Baseline the engineering system 

Measure test coverage, CI health, repo sprawl, and current AI usage. Identify the areas where agents would immediately drown in complexity. This can be tested with example tickets.

Run a focused AI enablement program

Pick tools. Roll them out with intent. Give people training, examples, and one on one coaching. Set clear expectations about what AI native development means for tickets, reviews, and documentation. Track adoption and impact

Scope a narrow factory pilot

Choose a constrained class of work, like low risk backend tickets in one domain. Build a minimal intake, harness, sandbox, and verification path. Run it in parallel with humans. Learn where it fails.
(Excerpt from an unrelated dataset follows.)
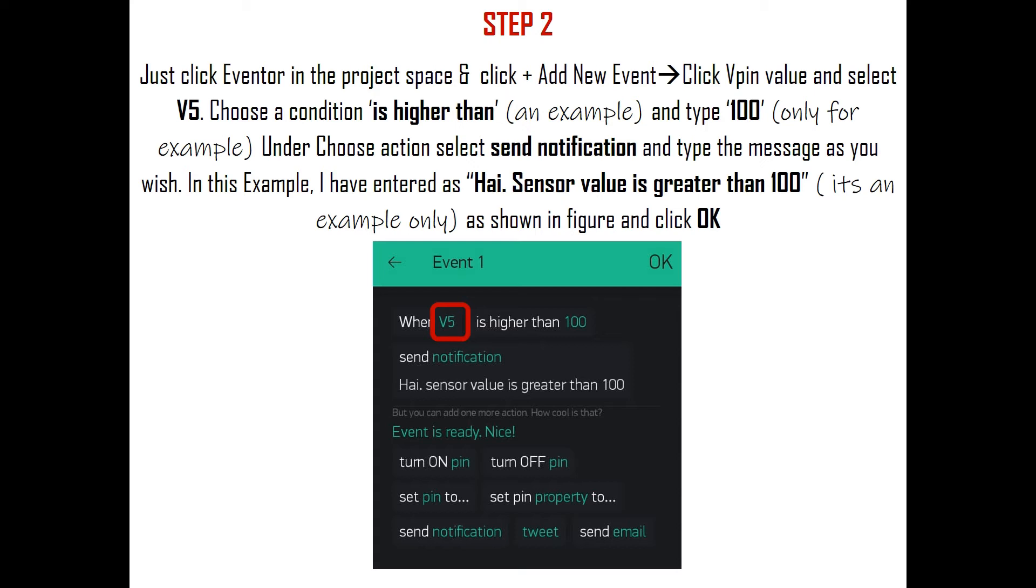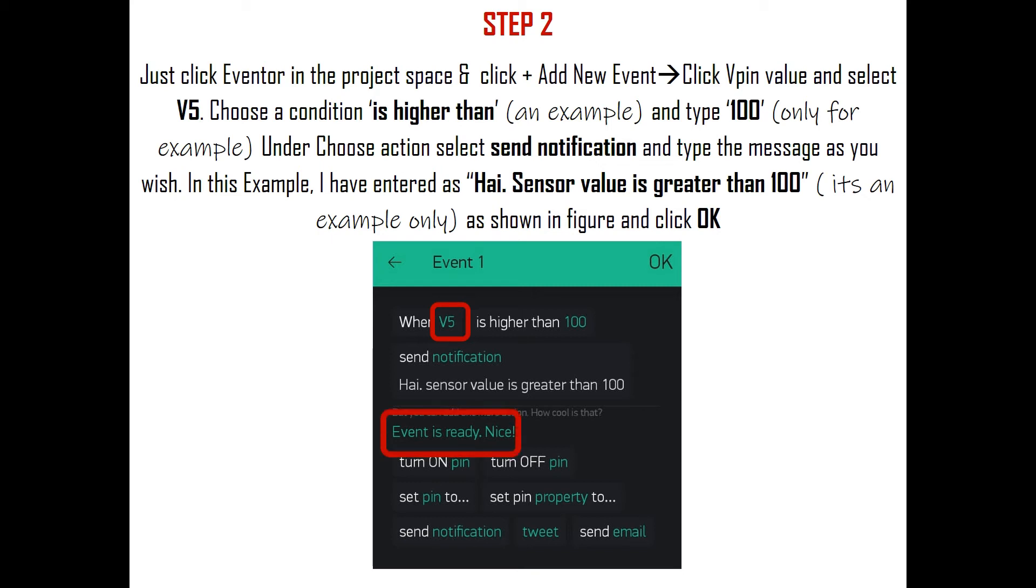Then choose a condition 'is higher than.' It's only for an example. You can choose any condition as per your wish like lower than, is equal to, is not equal to, etc. And type 100. This is also an example. You can type any number at which you need to get the notification. Finally, under choose action, select Send Notification and type the message you want to get on your mobile. In my example, I have entered 'Hi, the sensor value is greater than 100.' Once entered, you can see 'Event is ready, nice' as shown here. Finally, click OK.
Use those lessons to refine both the system and the underlying code and tests

Expand by evidence, not by slogan 

Move to broader surfaces or more complex tasks only when you have real data that the factory is at least as reliable and efficient as the baseline

In practice, many organizations find that the enablement phase alone pays for itself. They get more from their existing teams, can be more selective about external hiring, and reduce cycle times even before a full factory goes live.

The factory then becomes the next logical step, not a leap of faith.

07

Why software factory is a useful frame for leaders

For PE backed companies and large enterprises, AI is not a science project. It is one of several levers for improving product and engineering over a defined horizon. Leaders want to see more throughput from leaner teams, faster iteration on core systems, and clear ties between investment and delivered change.

From that point of view, software factory has a few advantages as a frame
  • It speaks to outcomes that matter, such as smaller effective teams, faster iteration, and more predictable delivery  
  • It implicitly includes both education and systems. You cannot have a factory without people who know how to work in it, and you cannot get full value from AI enabled people without a system that captures and amplifies what they do  
  • It admits nuance. A factory can start small, focus on low risk work, and grow with the org. It is not an all or nothing bet

A software factory is not the only way to benefit from AI in engineering. Teams can and do get real value from better tooling, smarter observability, and improved planning alone. For example, improve things like Jira ticket quality can drastically improve results.

What the factory provides is a path to turn those gains into something compounding. It is a way to bake AI into the operating model of software delivery, so that each ticket, each session, and each fix leaves the system a little sharper than it was the day before.

Conclusion

The Factory Is the Operating Model

The companies that win with AI in engineering will not be the ones with the most experiments, but the ones that turn those experiments into a repeatable system. A software factory gives leaders a practical path from scattered tools to measurable output, combining enablement, orchestration, verification, and human judgment into one operating model. The real opportunity is not simply to write code faster, but to build an engineering system that gets better with every ticket it ships.